Zwiedzanie ogrodów królewskich, czyli wycieczka na wschód wyspy…
Kolejny dzień na Bali
rozpoczęliśmy skoro świt. Po raz kolejny umówiliśmy się z kierowcą, który był
zadziwiająco punktualny. Na Bali czas płynie inaczej – wszyscy mają go w
nadmiarze, dlatego ciężko wymagać tu punktualności. Dla nas to zawsze szok
kulturowy i nauczeni europejskiego stylu życia wciąż patrzymy na zegarki…
Pierwszym miejscem, które
chcieliśmy odwiedzić tego dnia była świątynia Goa Lawah. Jest to świątynia położona w jaskini, której strop wciąż
porusza się z powodu mieszkających tam nietoperzy! W XI wieku Mpu Kuturan ufundował
tą świątynię, jako jedną z sześciu wielkich świątyń na Bali. Tubylcy przychodzą
tu, aby oddać cześć swoim zmarłym przodkom. Święcą tu pobraną wcześniej wodę
morską, a następnie udają się z nią do Pura Dalem Puri. My trafiliśmy tu
podczas nabożeństwa. Nie chcieliśmy przeszkadzać ubranym odświętnie
Balijczykom, dlatego jedynie rzuciliśmy na okiem na świątynię i ruszyliśmy w
dalszą drogę.
I dalej w drogę… Tym razem do
Pałacu wodnego Tirta Gangga. Jest to bardzo malowniczo położony park zdobiny
licznymi oczkami wodnymi i fontannami. To także ulubione miejsce zdjęć
plenerowych balijskich Nowożeńców. Pałac zbudowany został całkiem niedawno, bo
w 1948 roku przez Anak Agung Anglurah
Ketut Karangasem (ostatniegoo króla Karangasem). Woda, która jest tu wszechobecna uważana jest
za świętą, pochodzącą z Gangesu (świętej rzeki Hindusów).
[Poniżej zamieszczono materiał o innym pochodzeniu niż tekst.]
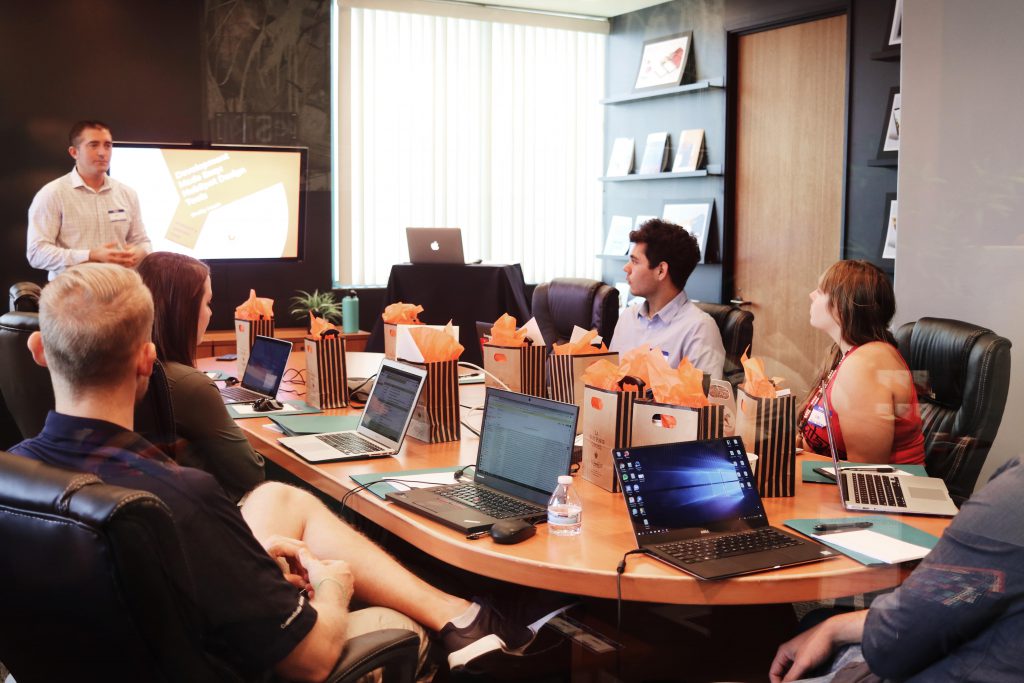 Online Brand Monitoring Of Competitors: 7 Simple Methods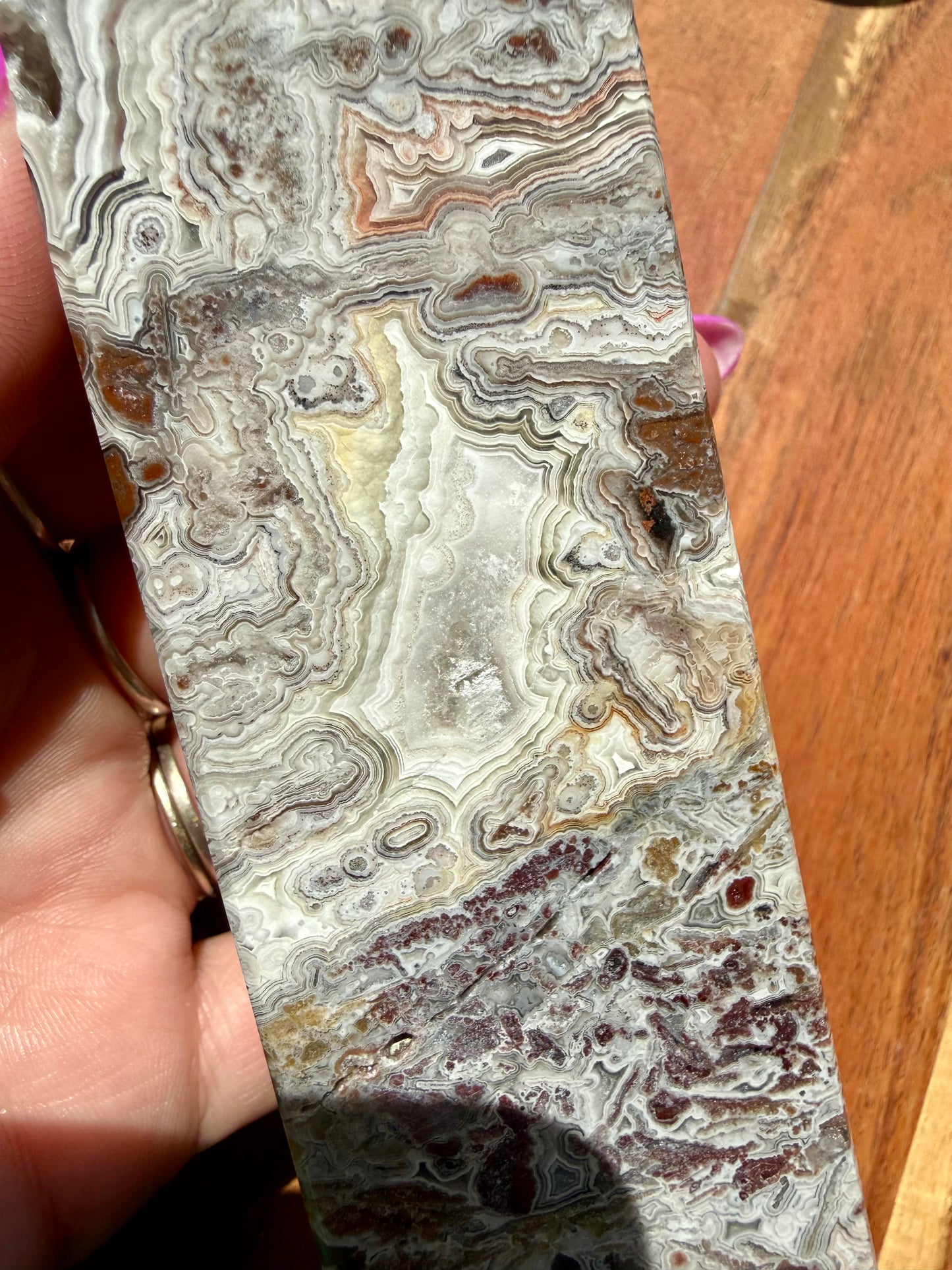 CRAZY LACE AGATE TOWER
Cały kompleks położony jest na
trzech tarasach, co odpowiada balijskiej buddyjsko-hinduistycznej koncepcji
kosmosu. Najwyższy z nich zamieszkiwany jest przez bogów. Spod drzewa Banyan
tryska źródło wody, które dalej zaopatruje wybrane sadzawki. Środkowy taras to
miejsce przeznaczone dla świata ludzi. Chodząc po sadzawce Mahabharata można przyjrzeć się wielu rzeźbom ukazującym walkę
pomiędzy ludźmi, a bogami i demonami. Najniższy poziom zarezerwowany jest dla
demonów. To tutaj znajduje się największy basen z wyspą. Święta woda zakańcza
tu swój bieg, po czym rozlewa się na pobliskie pola ryżowe.
Obiekt, nieco inny niż
wszędobylskie świątynie, równie mocno nawiązuje do Balijskiej religijności. Tirta
Gangga podobał mi się bardzo, dlatego byłam niezwykle ucieszona, że jeszcze
tego samego dnia poznamy kolejny wodny Pałac – tym razem w miejscowości Ujung.
To również niestary obiekt,
pochodzący z 1919 roku, który uległ zniszczeniu w jednym z trzęsień ziemi.
Odbudowany na początku XXI wieku został oddany dla ruchu turystycznego. Pałac
początkowo był więzieniem. Zatrzymywano tu głównie osoby trudniące się czarną
magią. Podczas wizyty w więzieniu król zachwycił się jego położeniem i nakazał
zmianę funkcji obiektu wraz z jego rozbudową. Od tej chwili miała być to
królewska rezydencja. Pałac w Ujung jest ogromny, przepełniony piękną
roślinnością, pawilonami na wodzie i miejscami widokowymi, z których można
podziwiać cieśninę Lombok i okoliczne wysepki. Mimo, że znaczenie Pałacu jest
mniejsze niż Tirta Ganga to warto go zobaczyć, chociażby dla rozpościerających
się tu krajobrazów… Dziś trudno mi stwierdzić, które z miejsc podobało mi się
tego dnia najbardziej. Chyba wszystkie!